It is not uncommon for a precious commodity such as season tickets to the Yankees, Giants or Knicks to be handed down from father to son or from grandfather to grandson. So, in today's marketplace, it's easy to see why an apartment owner would want their exclusive Manhattan real estate to be passed down from generation to generation.
That is where inheritance rights or the rights of succession come into play. And what rules the roost, so to speak, in that area, are the proprietary lease, bylaws, and the governing documents of the building, according to attorney Adam Finkelstein of the Manhattan-based law firm of Wagner, Davis and Gold, P.C.
There are distinct differences in how succession works in co-op apartments compared to a condo, Finkelstein explains.
"In a condo, for the most part, a unit owner via their will or intestacy can pass down an apartment with very little restrictions - if any - by the board or managers," says Finkelstein. "In a co-op, you're in a whole different world.

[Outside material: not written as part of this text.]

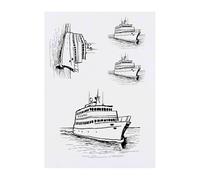 4 x 'Ferry At Sea' Temporary Tattoos - Water Resistant, Skin-Safe, Non-Toxic Transfers, Mixed Sizes (TO00075110)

In a co-op, obviously, a person living in an apartment is just a tenant of the building and they happen to be a shareholder of the corporation that owns the building, so you have to look to the proprietary lease and bylaws - the governing documents of the corporation - to determine who can take over an apartment."
In most cases, Finkelstein says, the proprietary lease will allow a spouse - husband or wife - to take over the apartment of a deceased spouse, even when that person is not named on the stock certificates. Generally, he says, a wife can take over a deceased husband's apartment because the standard proprietary lease usually contains a provision that "no consent" is needed on behalf of a spouse or their children.